Politik/Ausland

Besserung beim Papst: Das "Monster" von Brüssel kehrt vorerst nicht heim

EU-Insider sollen sich ja schon bei der Nennung seines Namens vorsorglich bekreuzigt haben: Martin Selmayr galt vielen über Jahre als der skrupellose Drahtzieher der EU-Zentrale im Brüsseler Berlaymont-Gebäude: Auch das "Monster vom Berlaymont" genannt.
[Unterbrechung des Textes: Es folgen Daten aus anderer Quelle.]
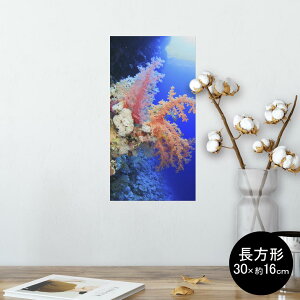 |X^[ EH[XebJ[ ` V[XebJ[  30×16cm Ssize  CeA @ wall sticker poster 003341 C@ʐ^@iF@i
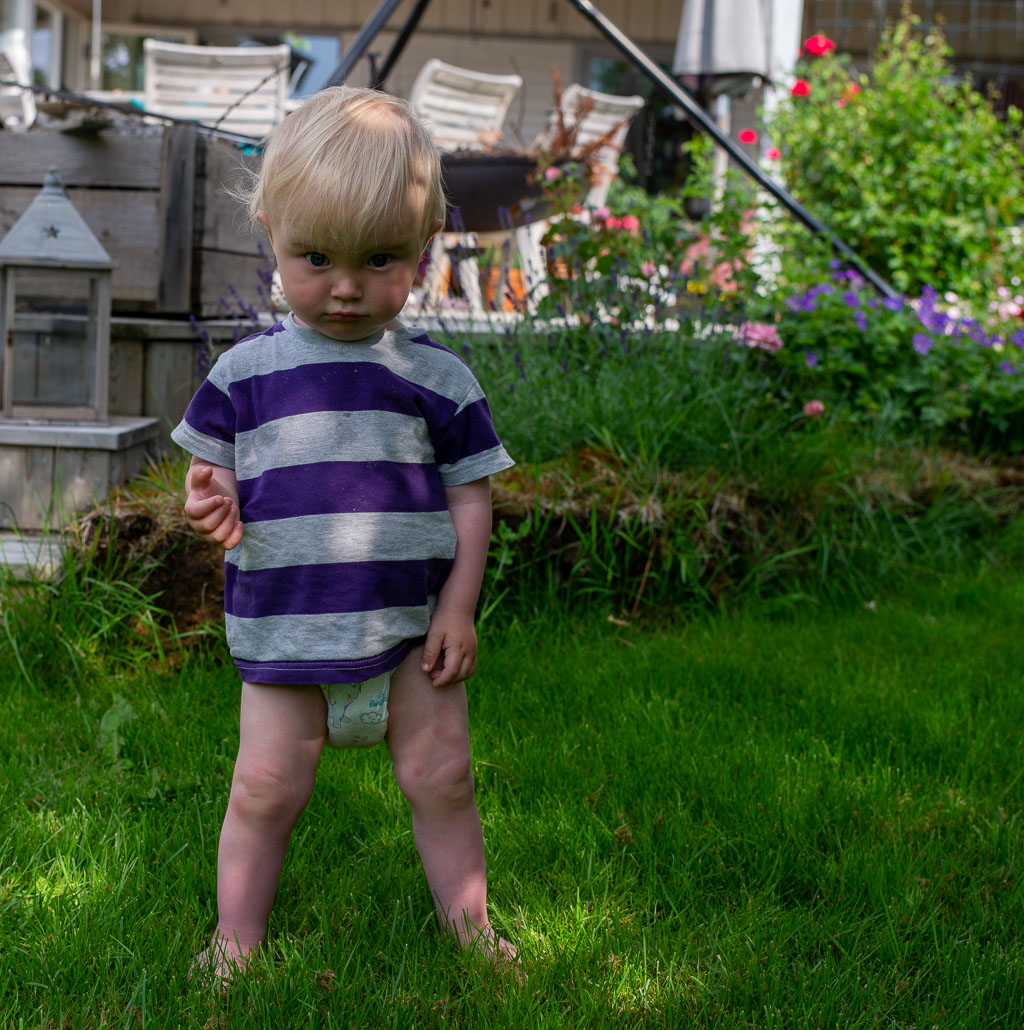 Pentax 645D / 14 Pentax 645D   14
Als Kabinettschef von Jean Claude Juncker, seines Zeichens Chef der EU-Kommission bis 2019, soll er die Zentralstelle für alle wichtigen Entscheidungen, aber auch für alle Intrigen und internen Machtkämpfe gewesen sein: An dem Bayern kam in den endlosen Gängen des Berlaymont keiner vorbei, der politisch etwas erreichen wollte - und das ließ auch ihn immer höher steigen, bis zum Generalsekretär der EU-Kommission. Eine Entscheidung, die hinter den Kulissen der EU-Zentrale für wütende Zerwürfnisse gesorgt haben soll.

Comeback angepeilt

Entsprechend groß war die Aufregung als "Politico" und andere internationale Medien über eine Rückkehr Selmayrs in die EU-Zentrale berichteten. Kommissionschefin Ursula von der Leyen habe einen eigenen neuen Führungsposten erschaffen lassen, um den Machtmanager gleich mit den entsprechende Befugnissen auszustatten. 

Wiener Zwischenspiel

Selmayr hat ja die vergangenen Jahre in Wien verbracht, wohin man in quasi abgeschoben hatte, als die Ära Juncker zu Ende ging. Als Vertreter der EU-Kommission in Wien hatte er quasi eine Botschafterrolle inne, wobei er die bekannt heiklen diplomatischen Spielregeln gelegentlich gerne überging. So sorgte er für einige Empörung bei der Regierung in Wien, als er Österreichs anhaltend gute Geschäfte mit russischem Erdgas öffentlich als "Blutgeld" bezeichnete. Diplomatische Grobheiten zwischen Wien und Brüssel folgten. Selmayr selbst, der ja im persönlichen Kontakt ein witzige, offener und äußerst unterhaltsamer Gesprächspartner ist, steht bis heute zu diesem Kommentar.

Doch zum Papst?

Offensichtlich hat Selmayr nicht vor, sich noch länger in dem eher ruhigen Posten in Wien einzurichten. Ständig kursieren Berichte und Gerüchte über neue Aufgaben und Dienstorte. Offiziell gab es Berufungen an Universitäten, inoffiziell wurde eben über eine Rückkehr von "Brüssels Rasputin" an den ehemaligen Ort seines Wirkens berichtet. Daraus dürfte allerdings bei aller Aufregung nichts werden. Wieder ist es "Politico", das nun erfahren haben will, dass der Bayer Botschafter der EU im Vatikan werden soll. Ein äußerst beschaulicher Posten für einen Macher, dessen bevorzugtes Spielfeld das politische Getümmel ist. Zumindest aber liefert der mögliche neue Posten genügend Anlass für Scherze unter politischen Beobachtern in Brüssel. Selmayr werde wohl zuerst eine Zeit der Läuterung und inneren Einkehr hinter sich bringen müssen, bevor er wieder in die Machtzentrale in Brüssel zurückkehren dürfe. Als natürlich katholischer Bayer könnte es ihn beim Papst zuhause eigentlich gut gefallen.